Search Insert Position

 

Given a sorted array and a target value, return the index if the target is found. If not, return the index where it would be if it were inserted in order.
You may assume no duplicates in the array.
Here are few examples.
[1,3,5,6], 5 → 2
[1,3,5,6], 2 → 1
[1,3,5,6], 7 → 4
[1,3,5,6], 0 → 0

Naive Way: 一次遍历直到大于等于target。好傻的方法，我第一次就是这么写的。

    // O(n)
    public int searchInsert(int[] A, int target) {
        for(int i = 0;i < A.length;i++){
            if(A[i] == target){return i;}
            if(A[i] > target){return i;}
        }
        return A.length;
    }

Improved Way: 作为一个程序员看到这样的题没有想到binary search真是一件很忧伤的事情。
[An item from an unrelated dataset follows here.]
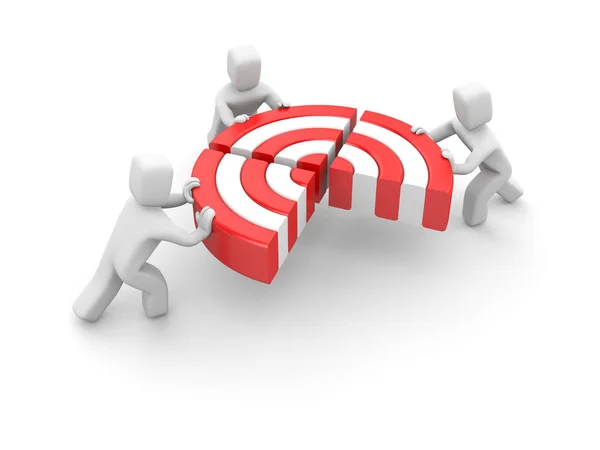 People pushing target piece part to connect — Stock Photo, Image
第二次做法是改了一下binary search

// O(logn)
    public int searchInsert(int[] A, int target) {
        if(A.length==0){return 0;}
        int begin = 0, end = A.length-1;
        int middle = 0;
        if(target <= A[begin]){return 0;}
        if(target >= A[end]){return end+1;}
        while(begin < end){
            middle = (begin+end)/2;
            if(A[middle]==target)
                return middle;
            if(A[middle] < target && A[middle+1] >= target)
                return middle+1;
            if(A[middle] > target)
                end = middle;
            if(A[middle+1] < target)
                begin = middle+1;
        }
        return 0;
    }

类似要用binary search的思想的还有Remove-duplicates-from-sorted-array。